Insomma, giova alla criminalità un sistema inefficiente, incerto ed insicuro, a cui sostituirsi, con “una rete di servizi”, ogni volta che ciò sia possibile, magari grazie a qualche aiutino più o meno consapevole.
In tutti questi casi la criminalità si insinua nelle fessure provocate dalle lesioni dello Stato e dilaga, come sta accadendo nel sistema penitenziario italiano, che ormai fa acqua da tutte le parti, per responsabilità varie e diffuse.
Già, perché se lo Stato delegittima se stesso, tradendo il dettato costituzionale e le disposizioni sulle carceri, se legifera male, se amministra peggio, se non offre opportunità scolastiche o lavorative, se non contrasta l’offensivo sovraffollamento, se ostacola, attraverso il ricorso a maldestri quanto sprovveduti funzionari, l’azione di chi, come i garanti dei diritti dei detenuti, tenta di contribuire a ricostituire atteggiamenti legali nelle carceri, ecco, in questi casi, lo Stato, con la complicità, anzi, grazie all’opera di taluni ben individuati soggetti, diviene il migliore e più sicuro alleato della criminalità che, invece, dovrebbe voler contrastare.
Intendo dire che è alleato del crimine chi allunga i tempi della giustizia, chi ammassa i reclusi come se fossero bestie, chi non adegua gli organici della polizia penitenziaria, chi non recepisce le norme sulla sanità in carcere, chi definanzia le leggi per il lavoro ai detenuti.
Così come è alleato della criminalità chi tenta di indebolire, con iniziative che somigliano tanto ad un “avvertimento”, l’azione dei Garanti dei diritti dei detenuti e chi tutela la burocrazia inetta quanto infedele, che costituisce l’humus nel quale meglio attecchirà la corruzione, il crimine, la violenza e la sfiducia verso atteggiamenti legali.

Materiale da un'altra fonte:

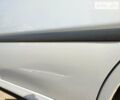 Серый Фольксваген Поинтер, объемом двигателя 1 л и пробегом 186 тыс. км за 3000 $, фото 9 на Automoto.ua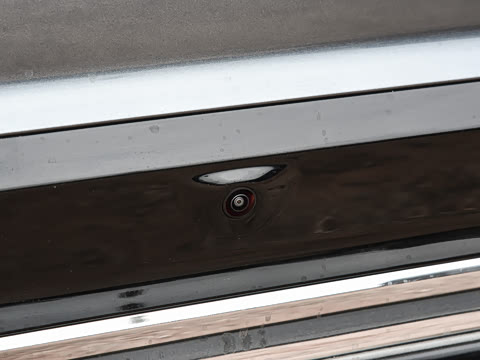 2026�� 103kWh ����MAX��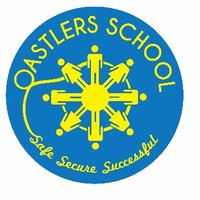Oastlers School (@oastler_school) 's Twitter Profile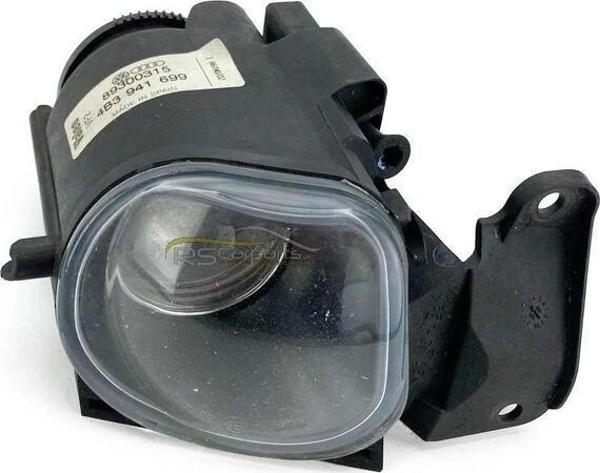 Sıs Farı Sol 1N0 246 039-011 Vw A6 Bm 01-03 (Oem No: 4B3941699) - Image 1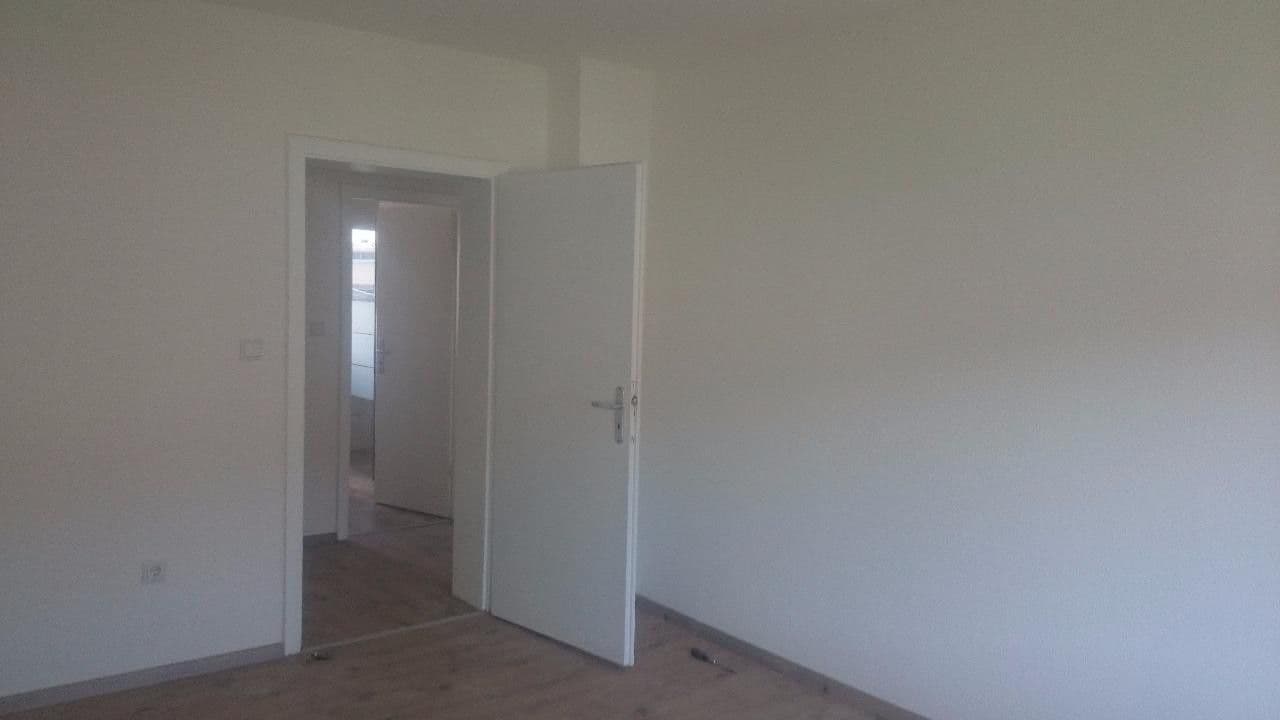 Predaj bytu 4-izbový 84 m², Gunzenhausen, Bavorsko Predaj bytu 4-izbový 84 m², Gunzenhausen, Bavorsko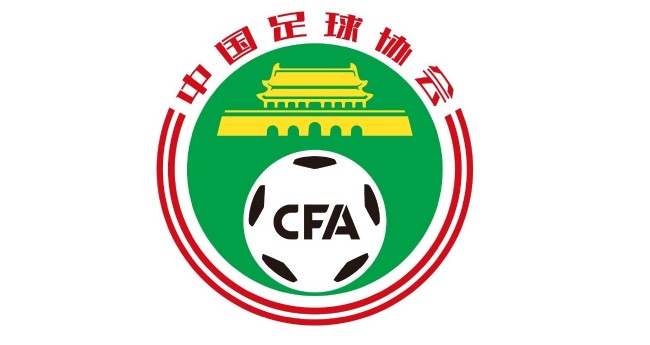 却能在接下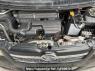 Used 2010 AT daihatsu mira L275S Image[9]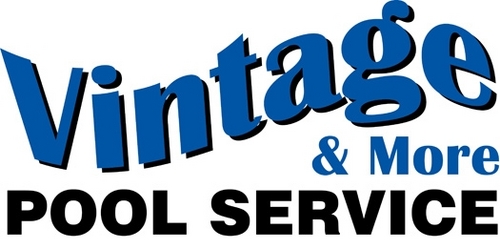 VintagePool's profile picture. Full Service Chemical & Service Company.Specializing in Foreclosure Clean-ups,Acid Washes,Deck Sealing,Equipt Conversions,Complete Equipt Sets,Salt Water Pools.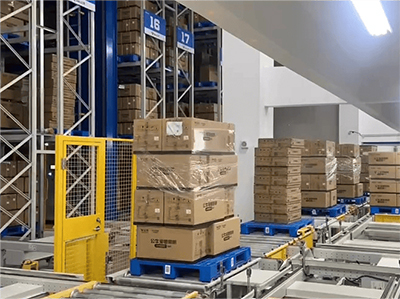 1739777843847918.jpg 智能立體倉(cāng)庫(kù)-f05e3265-047d-4a72-8812-39dfbb2ce703.jpg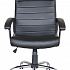 Офисное кресло Folly 9154  на Office-mebel.ru 2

Non credo che una tale situazione possa essere ulteriormente tollerata, anzi, penso che sia dovere di ciascuno, dei Garanti in particolare, non tollerare affatto persone, luoghi o situazioni che costituiscono, consapevolmente o non consapevolmente, il terreno di coltura dell’antistato. Lo Stato vince se ha la forza di resistere persino ai mali che esso stesso rischia di causare. Per raggiungere la meta non vi sono scorciatoie né giustizialiste, né sicuritarie, ciò che serve è il buonsenso e la legalità da parte di tutti, persone e istituzioni.